Évidemment, le moniteur me désigna, moi. Je protestai que c'était toujours moi qui devais commencer, mais le moniteur ne voulait rien entendre.

— Allez, m'ordonna-t-il, monte à cette perche.

— Et pourquoi vous montez pas vous-même? intervint de nouveau Hillel.

— Quoi?

— Vous n'avez qu'à commencer, vous.

— Je n'ai pas l'intention de me laisser commander par un enfant, se défendit le moniteur.

— Vous avez peur de monter? demanda Hillel. À votre place, j'aurais peur. Ça m'a l'air drôlement dangereux, ces barres. Vous savez, je suis pas du genre hypocondriaque, mais j'ai lu quelque part qu'une chute de trois mètres suffit à vous rompre la colonne vertébrale et vous finissez paralysé à vie. Qui veut être paralysé à vie? interrogea-t-il à la cantonade.

— Pas moi ! nous répondîmes tous.

— Taisez-vous ! hurla le moniteur.

— Vous êtes sûr que vous avez un diplôme de moniteur de gym? s'enquit encore Hillel.

— Évidemment ! Arrête, maintenant !

— Je crois qu'on serait tous rassurés de voir votre diplôme, continua Hillel.

— Mais je ne l'ai pas ici, enfin ! protesta le moniteur dont l'assurance se dégonflait comme une baudruche.

— Vous ne l'avez pas ici, ou vous ne l'avez pas du tout? répliqua Hillel.
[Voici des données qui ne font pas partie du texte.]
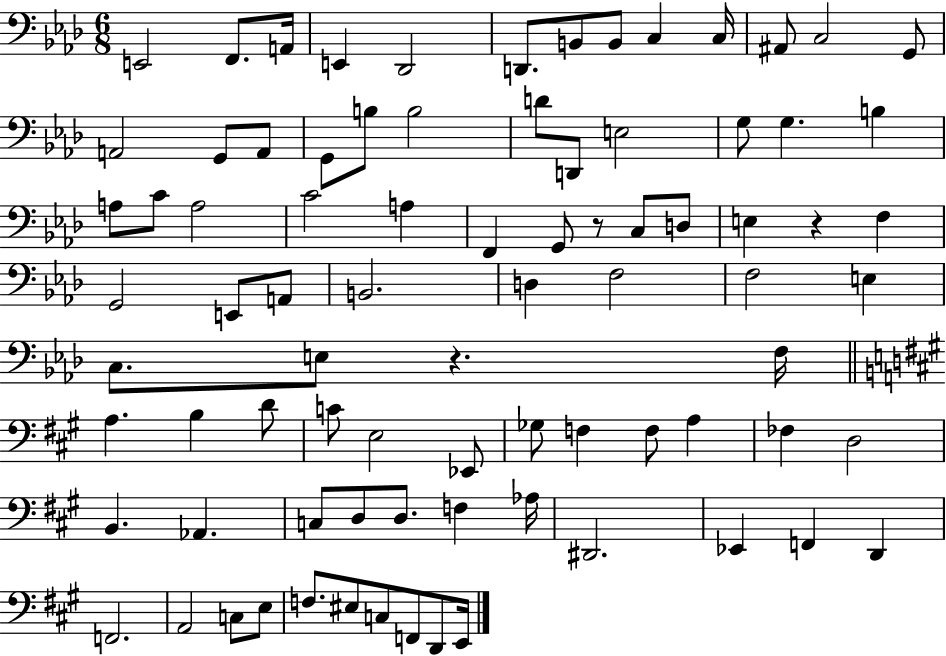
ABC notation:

X:1
T:Untitled
M:6/8
L:1/4
K:Ab
E,,2 F,,/2 A,,/4 E,, _D,,2 D,,/2 B,,/2 B,,/2 C, C,/4 ^A,,/2 C,2 G,,/2 A,,2 G,,/2 A,,/2 G,,/2 B,/2 B,2 D/2 D,,/2 E,2 G,/2 G, B, A,/2 C/2 A,2 C2 A, F,, G,,/2 z/2 C,/2 D,/2 E, z F, G,,2 E,,/2 A,,/2 B,,2 D, F,2 F,2 E, C,/2 E,/2 z F,/4 A, B, D/2 C/2 E,2 _E,,/2 _G,/2 F, F,/2 A, _F, D,2 B,, _A,, C,/2 D,/2 D,/2 F, _A,/4 ^D,,2 _E,, F,, D,, F,,2 A,,2 C,/2 E,/2 F,/2 ^E,/2 C,/2 F,,/2 D,,/2 E,,/4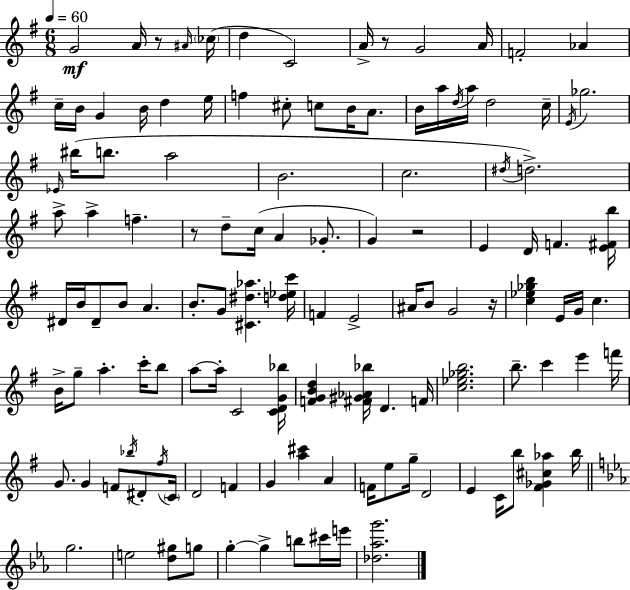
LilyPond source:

{
  \clef treble
  \numericTimeSignature
  \time 6/8
  \key e \minor
  \tempo 4 = 60
  \repeat volta 2 { g'2\mf a'16 r8 \grace { ais'16 }( | \parenthesize ces''16 d''4 c'2) | a'16-> r8 g'2 | a'16 f'2-. aes'4 | \break c''16-- b'16 g'4 b'16 d''4 | e''16 f''4 cis''8-. c''8 b'16 a'8. | b'16 a''16 \acciaccatura { d''16 } a''16 d''2 | c''16-- \acciaccatura { e'16 } ges''2. | \break \grace { ees'16 } bis''16( b''8. a''2 | b'2. | c''2. | \acciaccatura { dis''16 }) d''2.-> | \break a''8-> a''4-> f''4.-- | r8 d''8-- c''16( a'4 | ges'8.-. g'4) r2 | e'4 d'16 f'4. | \break <e' fis' b''>16 dis'16 b'16 dis'8-- b'8 a'4. | b'8.-. g'8 <cis' dis'' aes''>4. | <d'' ees'' c'''>16 f'4 e'2-> | ais'16 b'8 g'2 | \break r16 <c'' ees'' ges'' b''>4 e'16 g'16 c''4. | b'16-> g''8-- a''4.-. | c'''16-. b''8 a''8~~ a''16-. c'2 | <c' d' g' bes''>16 <f' g' b' d''>4 <fis' gis' aes' bes''>16 d'4. | \break f'16 <c'' ees'' ges'' b''>2. | b''8.-- c'''4 | e'''4 f'''16 g'8. g'4 | f'8 \acciaccatura { bes''16 } dis'8-. \acciaccatura { fis''16 } \parenthesize c'16 d'2 | \break f'4 g'4 <a'' cis'''>4 | a'4 f'16 e''8 g''16-- d'2 | e'4 c'16 | b''8 <fis' ges' cis'' aes''>4 b''16 \bar "||" \break \key c \minor g''2. | e''2 <d'' gis''>8 g''8 | g''4-.~~ g''4-> b''8 cis'''16 e'''16 | <des'' aes'' g'''>2. | \break } \bar "|."
}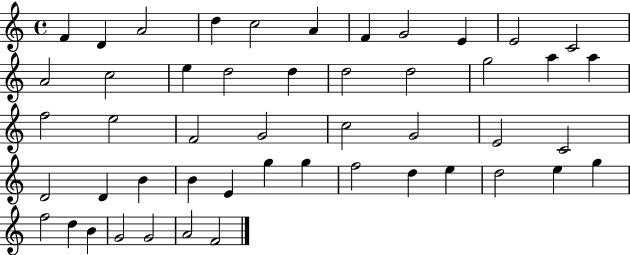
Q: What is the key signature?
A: C major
— Le diplôme ! Le diplôme ! nous nous écriâmes tous.

Nous scandâmes jusqu'à ce que le moniteur, à bout, saute comme un singe sur le poteau et grimpe pour nous montrer de quoi il était capable. Il voulut certainement nous impressionner en faisant des tas de mouvements inutiles et ce qui devait arriver arriva : ses mains glissèrent et il tomba du sommet du poteau, soit de sept mètres cinquante pour être précis. Il s'écrasa au sol et poussa des hurlements terribles. Nous essayâmes bien de le consoler, mais les médecins de l'ambulance nous expliquèrent qu'il avait les deux jambes cassées et que nous ne le reverrions plus de tout notre séjour. Hillel fut renvoyé du camp de sport et moi aussi par la même occasion. Tante Anita et Oncle Saul vinrent nous chercher et ils nous emmenèrent à l'hôpital du comté pour présenter en personne nos excuses au pauvre moniteur.